I just want to grab them and squeeze them. But I don’t.
This happens for a reason. Many reasons. Like when my oldest, who considers herself top dog around here, picks on the middle dog who screams and cries and then turns on the pup who comes innocently to see what the commotion is about. Unless you are the top dog, the view is decidedly bad. Poor pup in the back of the line, always looking up the bum of the dog ahead.

Absolutely not.
It’s just that I have this little picture in my head of a dog sledding team…
The driver got weary and foolish and lay down to rest for just a moment and awoke to find her self, no longer the driver, but the sled, tied to the team of laughing dogs and being pulled around on the ice, snow in her face, strands of hair frozen to the tip of her nose. Wrapped around her ankle, cutting off the circulation to her foot, is the strap to her diaper bag. The contents (everything she could possibly need in this situation) are flying out at every bump in the ice.

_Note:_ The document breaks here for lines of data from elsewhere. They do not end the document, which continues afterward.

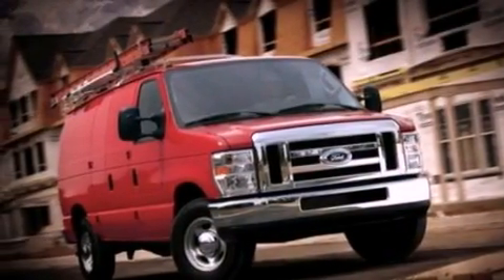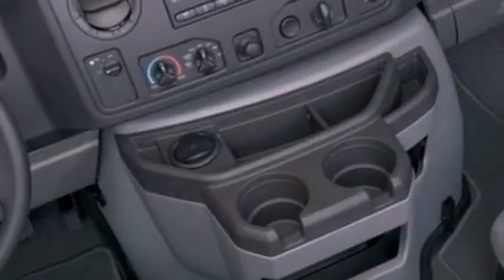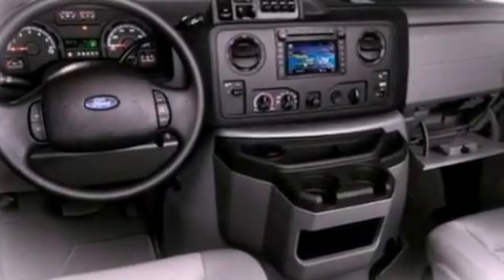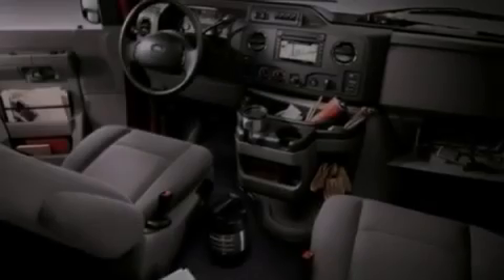Features include a low tire pressure indicator, traction control and stability control systems, privacy glass, an anti-lock braking system, door reinforcement beams, air conditioning, and an auxiliary power outlet.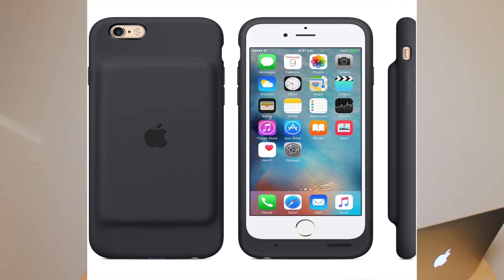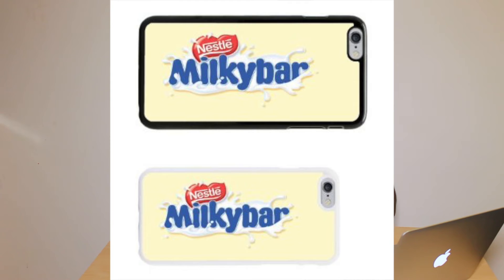Now let's talk about design — what is it? Is it a freaking milky bar just designed by Apple or what? It looks like a milky bar. It's just a bigger version of a milky bar stuck at the back of a silicone case.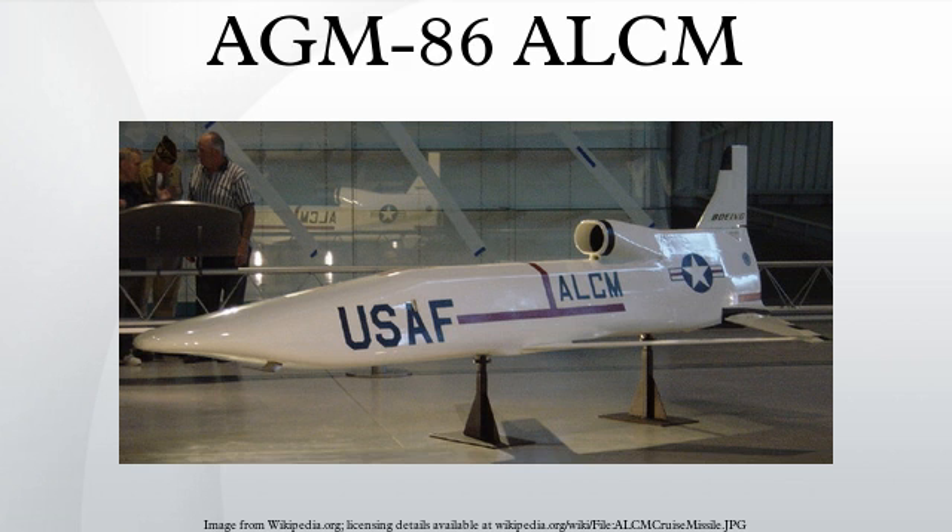During Operation Desert Storm, the C-ALCM had been carried on the B-52G in wing-mounted pylons. The C-ALCM was also used in Operation Desert Fox in 1998, Operation Allied Force in 1999, and Operation Iraqi Freedom in 2003. Operation Iraqi Freedom was also the combat debut of the AGM-86D, a further development of the missile which replaced the blast fragmentation warhead of the AGM-86C with a penetrating warhead.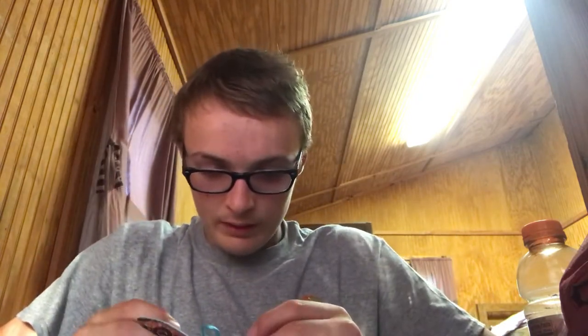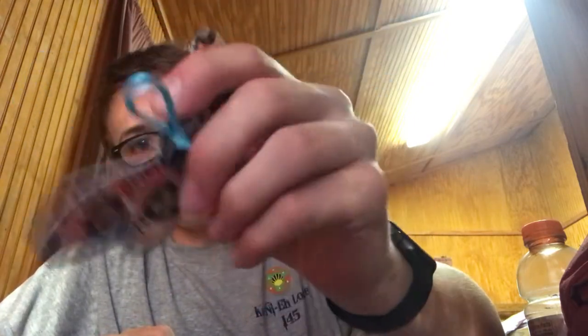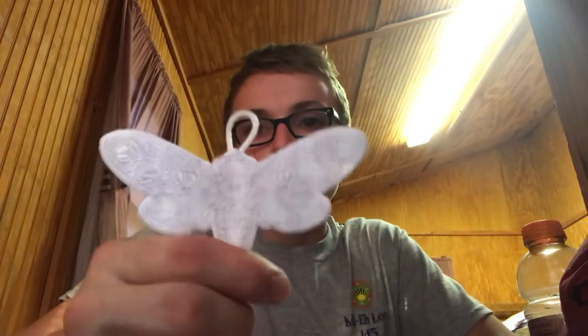Right here we have a regular Camp Freelander one, a Cub World regular one, a Cub World ghost one — we call them ghost ones — and a Freelander ghost one. So yeah, I bought these four patches for $30 because they're limited time. I suggest buying them if you go to the trading post.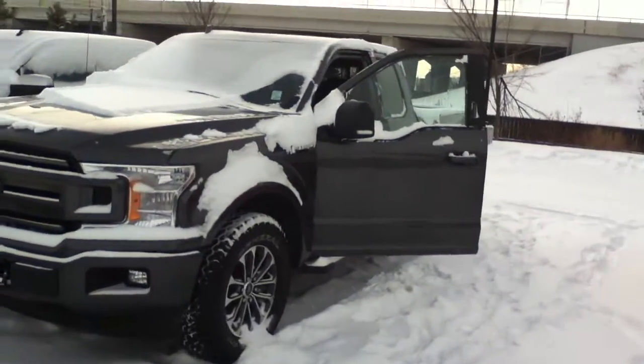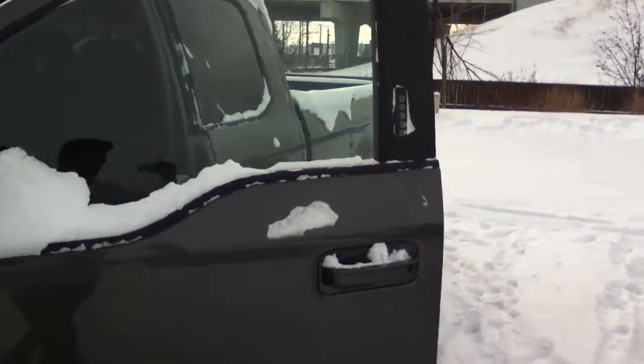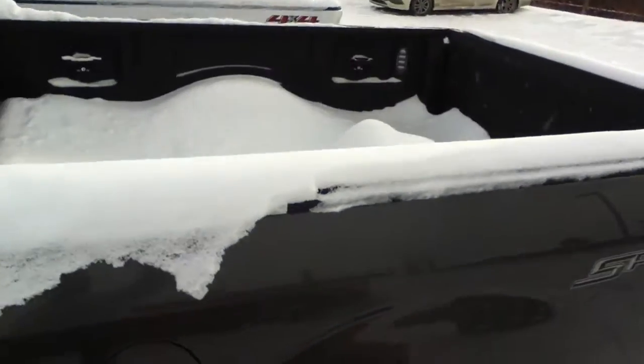Good afternoon, this is Kabir from River City Hyundai. Thank you for submitting an inquiry on our Ford F150. I want to do a 360 walk-around video to show you how the truck looks from inside and outside. As you can see, you get a sprayed-in bed liner.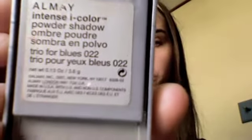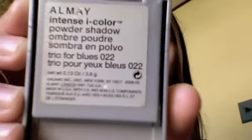Hi guys, welcome back to my channel. I'm going to be doing a review for you on an eye shadow I've mentioned numerous times throughout my videos as one of my go-to palettes. This is the Almay Intense Eye Color Powder Shadow Trio for Blues, number 022 — Trio for You Blue.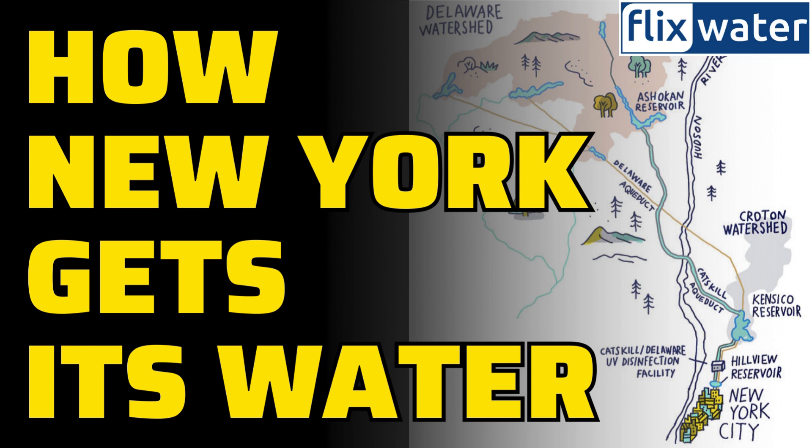Robotic buoys in the Kensico reservoir transmit data about water quality, and field scientists are on their toes, checking temperature, pH, and microbial levels. With climate change adding its own twist, predicting water quality and quantity becomes a sophisticated task.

When the dogs have finished their trek across the tundra and are all laughed out, they free her. After all, who else is going to feed them? Unable to hold a grudge against her adorably precious little mischief makers, she gives them some dinner (but no dessert), washes and brushes them and hugs them tight before tucking them in for the night.
That’s just my little picture.
For me, parenting these days has very little middle ground. Which is very trying on my typically level, reasonable and calm disposition.
I ride daily on the Scream and Laugh roller-coaster. Emotions run high and low, there is fighting and making up. Bruises are acquired and hugs are given. There is never a dull moment, or even a pause, hesitation or chance for a deep breath. The coaster goes up, the excitement builds and it goes down with screaming and clutching and crying. We’re loving then angry, yelling then laughing and it doesn’t seem to stop at any regular interval.
Sure, there’s an emergency brake, but I can’t reach it. That job belongs to God and thankfully, every so often He hits the brake for me.
I then stumble off to the nearest trash can, promptly vomit my lunch, clean the sweat from my brow with a baby wipe, pick some gum off the bottom of my shoe, smooth my hair and regain my balance.
My brief God-given rest enables me to smile again and see the craziness for what it is. And like a true thrill seeking adrenaline junkie, I get back in the seat with a grin and ride until the rhythm of the ups, down and all arounds lull my children into a deeply needed sleep.

My heart has had to get bigger. And it has to continue to expand to provide enough love and compassion to cover all the messy spills from the overflow of life.
I have accepted that roller-coasters make me sick. I am choosing to ride anyway.